## [Exercise brief]
Note each line of the entries that includes "about". Then copy those lines.

## [Extracted information]
- Opening Delimiter -
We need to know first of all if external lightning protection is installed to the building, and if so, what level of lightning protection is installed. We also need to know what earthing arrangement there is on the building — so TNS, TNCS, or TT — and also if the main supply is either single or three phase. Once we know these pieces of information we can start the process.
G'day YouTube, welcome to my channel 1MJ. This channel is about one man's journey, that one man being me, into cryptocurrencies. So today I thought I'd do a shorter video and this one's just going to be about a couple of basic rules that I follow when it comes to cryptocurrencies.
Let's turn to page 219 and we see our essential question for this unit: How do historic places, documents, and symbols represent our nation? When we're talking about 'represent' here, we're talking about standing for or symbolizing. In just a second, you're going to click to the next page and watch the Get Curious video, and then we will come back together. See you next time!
- Closing Delimiter -
- Opening Delimiter -
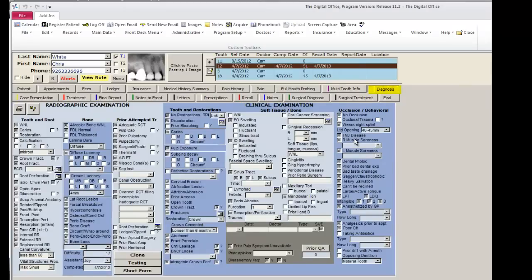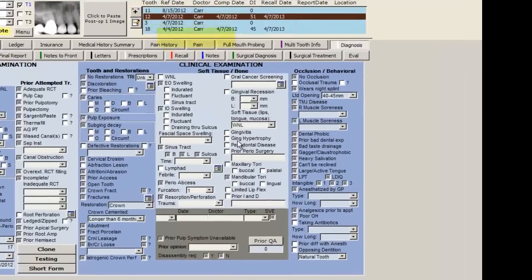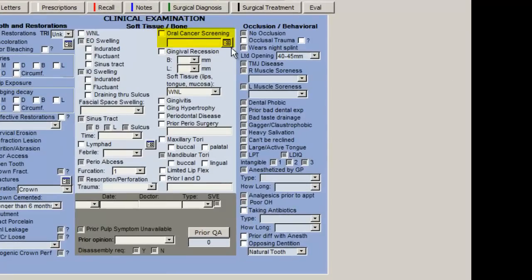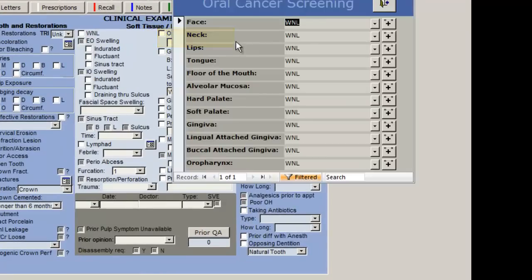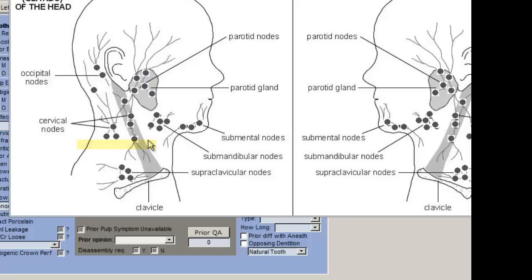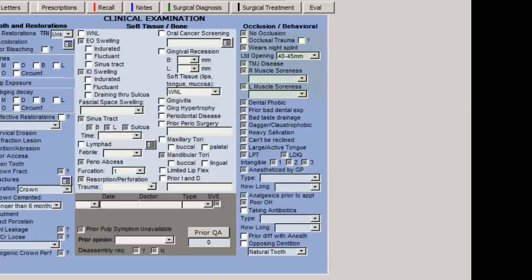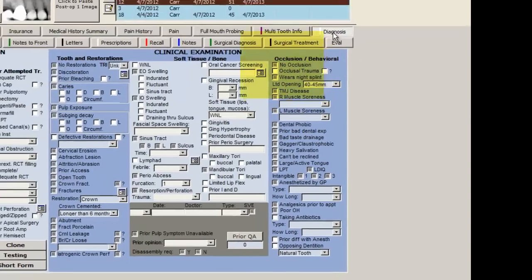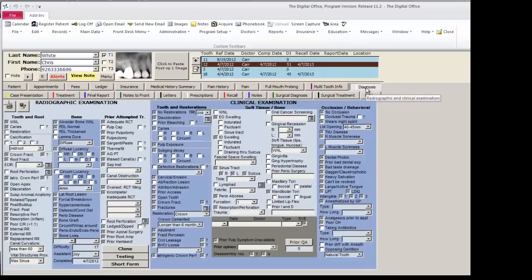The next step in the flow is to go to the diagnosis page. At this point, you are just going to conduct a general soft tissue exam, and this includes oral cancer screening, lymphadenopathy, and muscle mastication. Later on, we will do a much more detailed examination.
- Closing Delimiter -
- Opening Delimiter -
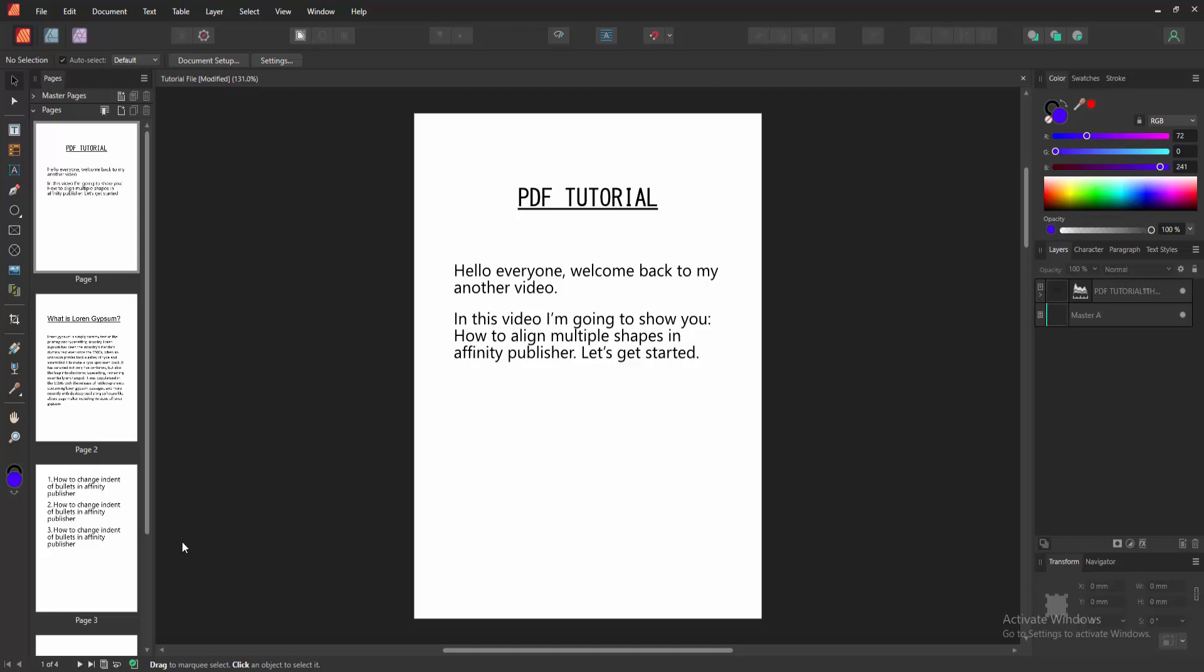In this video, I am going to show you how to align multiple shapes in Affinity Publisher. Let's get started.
- Closing Delimiter -
## [Response to this task]
G'day YouTube, welcome to my channel 1MJ. This channel is about one man's journey, that one man being me, into cryptocurrencies. So today I thought I'd do a shorter video and this one's just going to be about a couple of basic rules that I follow when it comes to cryptocurrencies.
Let's turn to page 219 and we see our essential question for this unit: How do historic places, documents, and symbols represent our nation? When we're talking about 'represent' here, we're talking about standing for or symbolizing. In just a second, you're going to click to the next page and watch the Get Curious video, and then we will come back together. See you next time!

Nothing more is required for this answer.